### DIRECTIONS FOR THIS TASK:
Your output should be the complete listing, word for word, with no pictures in it.

### DATA FOR THE TASK:
---
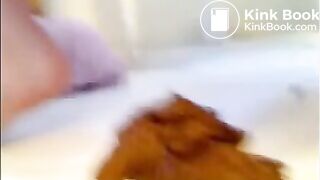 Bbw shitting and smearing it on her big breast and feet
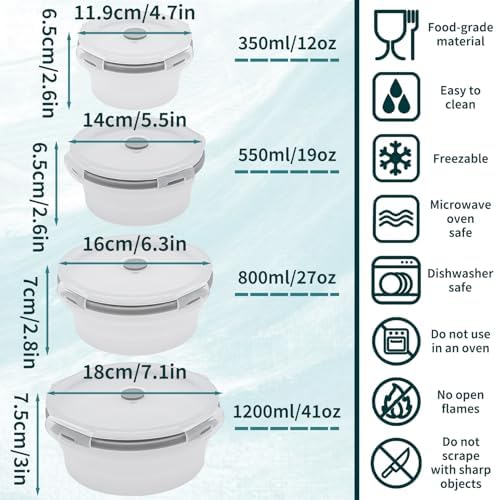 4 Pcs Silicone Collapsible Food Storage Containers with Lids, Silicone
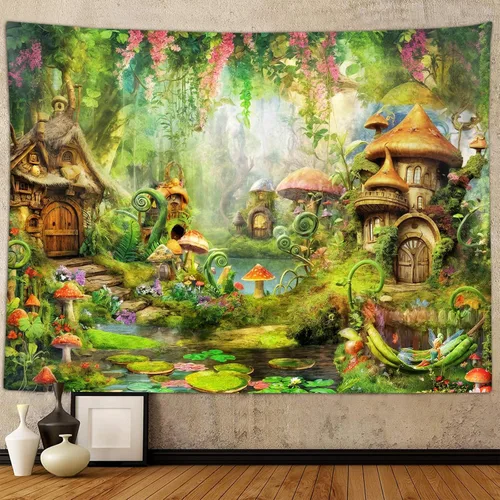 Vista 11 de Sanzugh - Tapiz de pared de playa del océano, arte de ventana falsa de naturaleza del mar de Hawái, tapices para colgar en dormitorio, dormitorio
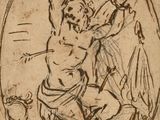 an image of a drawing of a man holding a sword in his hand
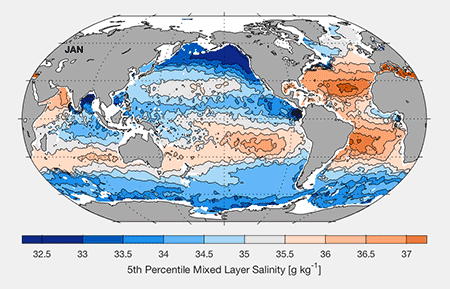5th percentile mixed layer salinity map
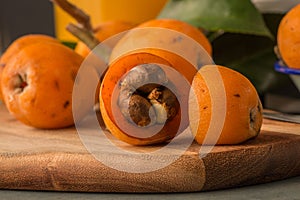 Loquats on kitchen counter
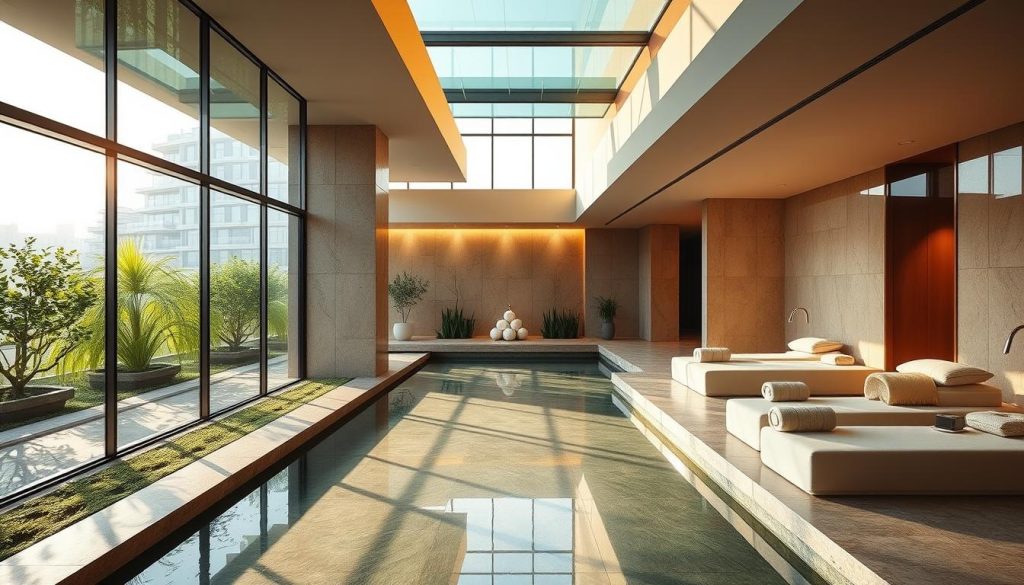 A serene, contemporary spa nestled in the heart of Istanbul's Anatolian side, featuring sleek glass and stone architecture bathed in warm, diffused natural lighting. Elegant treatment rooms offer soothing massages and rejuvenating rituals, while a tranquil oasis of lush greenery and soothing water features creates a sense of urban zen. Soft textures, clean lines, and a palette of earthy tones evoke a harmonious, restorative ambiance perfect for unwinding and recharging amidst the bustling city. A serene, contemporary spa nestled in the heart of Istanbul's Anatolian side, featuring sleek glass and stone architecture bathed in warm, diffused natural lighting. Elegant treatment rooms offer soothing massages and rejuvenating rituals, while a tranquil oasis of lush greenery and soothing water features creates a sense of urban zen. Soft textures, clean lines, and a palette of earthy tones evoke a harmonious, restorative ambiance perfect for unwinding and recharging amidst the bustling city.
---
### TASK RESPONSE:
 Bbw shitting and smearing it on her big breast and feet
 4 Pcs Silicone Collapsible Food Storage Containers with Lids, Silicone
 Vista 11 de Sanzugh - Tapiz de pared de playa del océano, arte de ventana falsa de naturaleza del mar de Hawái, tapices para colgar en dormitorio, dormitorio
 an image of a drawing of a man holding a sword in his hand
5th percentile mixed layer salinity map
 Loquats on kitchen counter
 A serene, contemporary spa nestled in the heart of Istanbul's Anatolian side, featuring sleek glass and stone architecture bathed in warm, diffused natural lighting. Elegant treatment rooms offer soothing massages and rejuvenating rituals, while a tranquil oasis of lush greenery and soothing water features creates a sense of urban zen. Soft textures, clean lines, and a palette of earthy tones evoke a harmonious, restorative ambiance perfect for unwinding and recharging amidst the bustling city. A serene, contemporary spa nestled in the heart of Istanbul's Anatolian side, featuring sleek glass and stone architecture bathed in warm, diffused natural lighting. Elegant treatment rooms offer soothing massages and rejuvenating rituals, while a tranquil oasis of lush greenery and soothing water features creates a sense of urban zen. Soft textures, clean lines, and a palette of earthy tones evoke a harmonious, restorative ambiance perfect for unwinding and recharging amidst the bustling city.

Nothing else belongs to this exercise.